Often hornists will look back on their “genealogy” in terms of who their teachers were, the teachers of their teachers, etc. A number of my teachers were Farkas students and I took several lessons with Farkas directly, so this would be a major influence if I had to choose, but I also was certainly influenced by teachers who studied with Chambers and others.
Going back one more generation, in terms of horn in the United States many players can look back to three major players of the early 20th century, Max Pottag (1876-1970), Anton Horner (1877-1971), and Max Hess (1878-1975). All of them had an impact. Hess was principal hornist in Boston and Cincinnati, Pottag put out a number of publications that are still in print and was a long time member of the Chicago Symphony (performing with the orchestra for 40 seasons), and Horner performed in the Philadelphia Orchestra from 1902-46 (serving as principal hornist until 1930) and taught at the Curtis Institute from 1924-42. And all three all studied with Freidrich Gumpert at the Leipzig Conservatory.
I was recently asked about Gumpert by a site visitor. In his publications his name is curiously always spelled incorrectly (see the addendum at the end of this article), his print name is Gumbert with a B. And, notably, his nephew was instrumental in the invention of the double horn in 1897 (more on that here). But who did he study with? Where is a good bio to be found?
Gumpert still has many publications in print to this day, editions of etudes, excerpt books, solos, and he also wrote a method. In 1999 I gave a presentation in Paris on Gumpert at the Historic Brass Society event, the text of which was recently published in Brass Scholarship in Review: Preceedings of the Historic Brass Society Conference Cité de la Musique, Paris 1999 (Pendragon Press). The main text opens,
The name of Freidrich Adolf Gumpert is today one of the more widely recognized of all the horn players and teachers of the nineteenth century—at least among hornists. Gumpert was born in 1841 at Lichtenau (Thuringia) and studied horn under the town musician Hammann at Jena. He was first engaged as a horn player at Bad Nauheim, St. Gallen, and completed his military service in a band at Eisenach. Gumpert performed at Halle from 1862 until 1864, when the composer Cark Reinecke (1824-1910), then conductor of the Gewandhaus concerts, engaged him as principal hornist in the Gewhandhaus Orchestra in Leipzig. Gumpert held this position from 1864 until 1898 and was concurrently professor of horn at the Leipzig Conservatory, remaining in Leipzig until his death in 1906.

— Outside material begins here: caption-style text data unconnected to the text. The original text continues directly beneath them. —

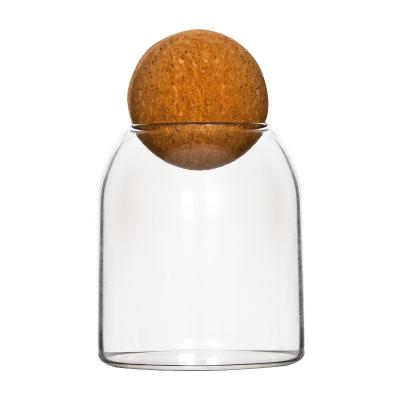 China Sustainable Glass Jar For Food Storage With Lid Wooden Cork Canister Glass Jar for sale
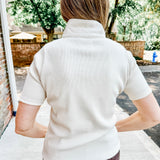 Ribbed Henley Polo Top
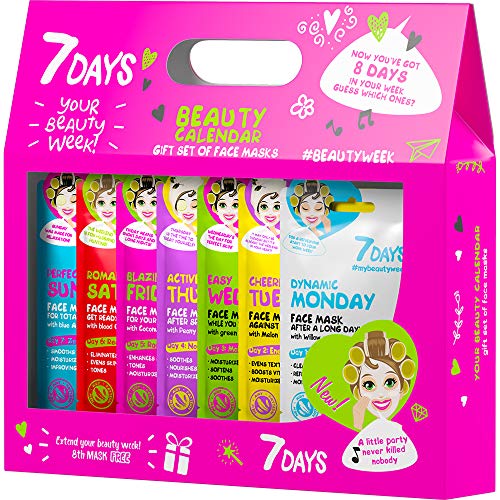 Kit di 8 Maschere per il Viso Cura della Pelle per Una Settimana Tutti i Tipi di Pelle Idratazione Antirughe Antiacne Regalo per Lei | 7DAYS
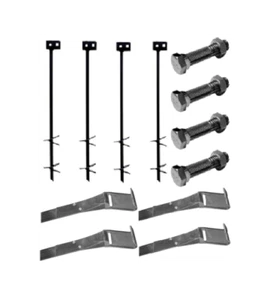 Mobile Home Part Set of 4 Auger Anchors; 4-8 ft Frame Strap, 4 Bolts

The full text of the presentation gives a number of insights into the secrets of his teaching but in short he certainly placed high importance on the development of lyrical playing and in the study of orchestral excerpts. He was an important and influential teacher, one that virtually every major player in the United States can trace back to among their own teachers.
ADDENDUM:
Formerly posted on Horn Articles Online, this is based on materials published in The Horn Call 27, no. 2 (February, 1997) and The Horn Call 28, no. 2 (February, 1998).

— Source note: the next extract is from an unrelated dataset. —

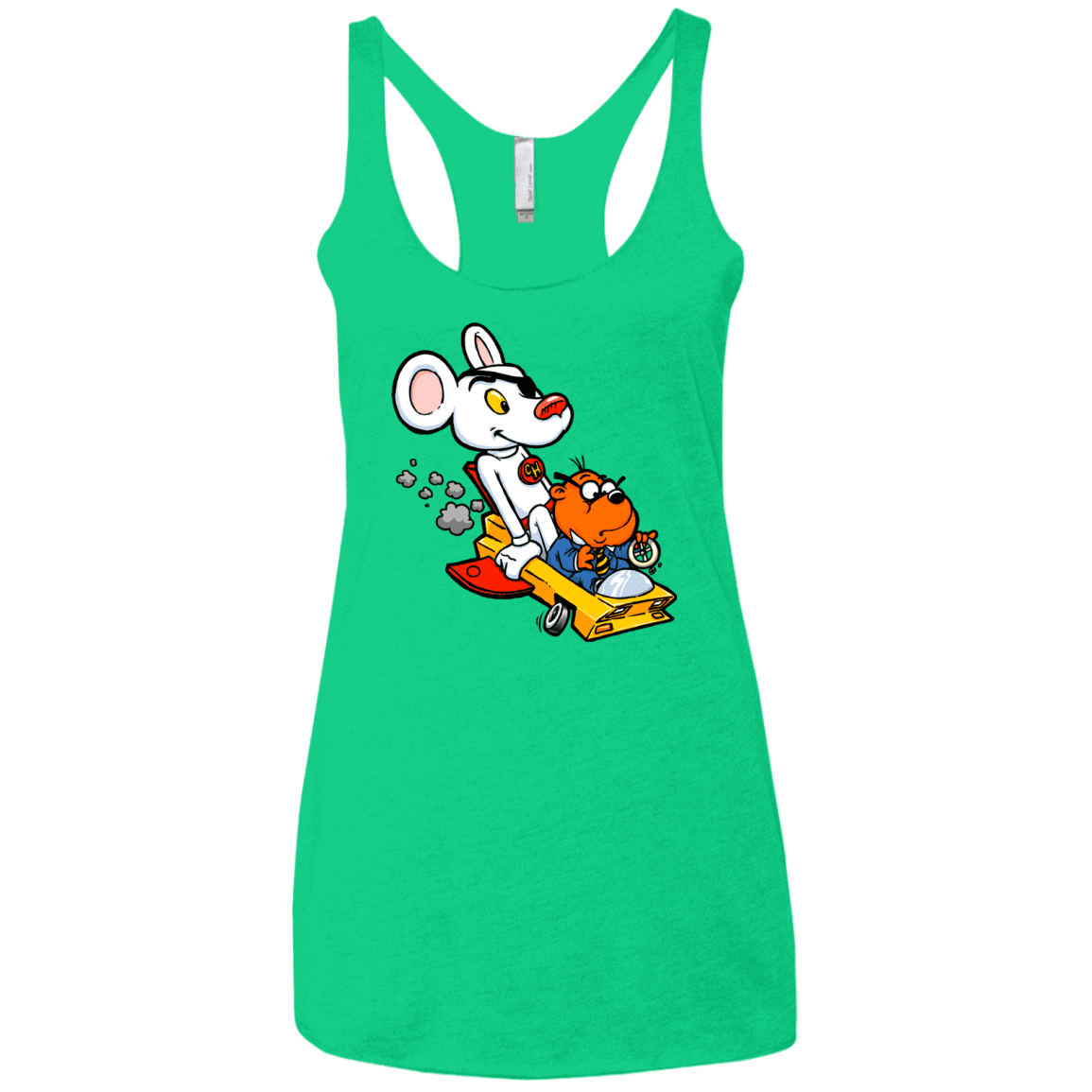 T-Shirts Envy / X-Small Danger Mouse Women's Triblend Racerback Tank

It is a most curious fact that every published work of the famous Leipzig horn teacher Friedrich Gumpert (1841-1906) misspells his name as Gumbert with a “B.” Norman Schweikert in his article “Gumpert, not Gumbert!” (The Horn Call 1, no. 2 [May, 1971], 45-46) relates that his former students theorized “that there was a well-known song-writer, poet or the like” named Friedrich Gumbert, and that “he did not seem to mind being mistaken for him.” As a refinement of the theory as to why this presumably intentional misspelling occurred, an examination of a typical nineteenth-century musical handbook (such as Fr. Pazdírek, The Universal Handbook of Musical Literature [Vienna: Pazdírek, n.d.], vol. 11, 657-664) will find an entry and many published works by Ferdinand Gumbert (1818-1896)–perhaps Gumpert’s publisher was banking on this name recognition to help sell music?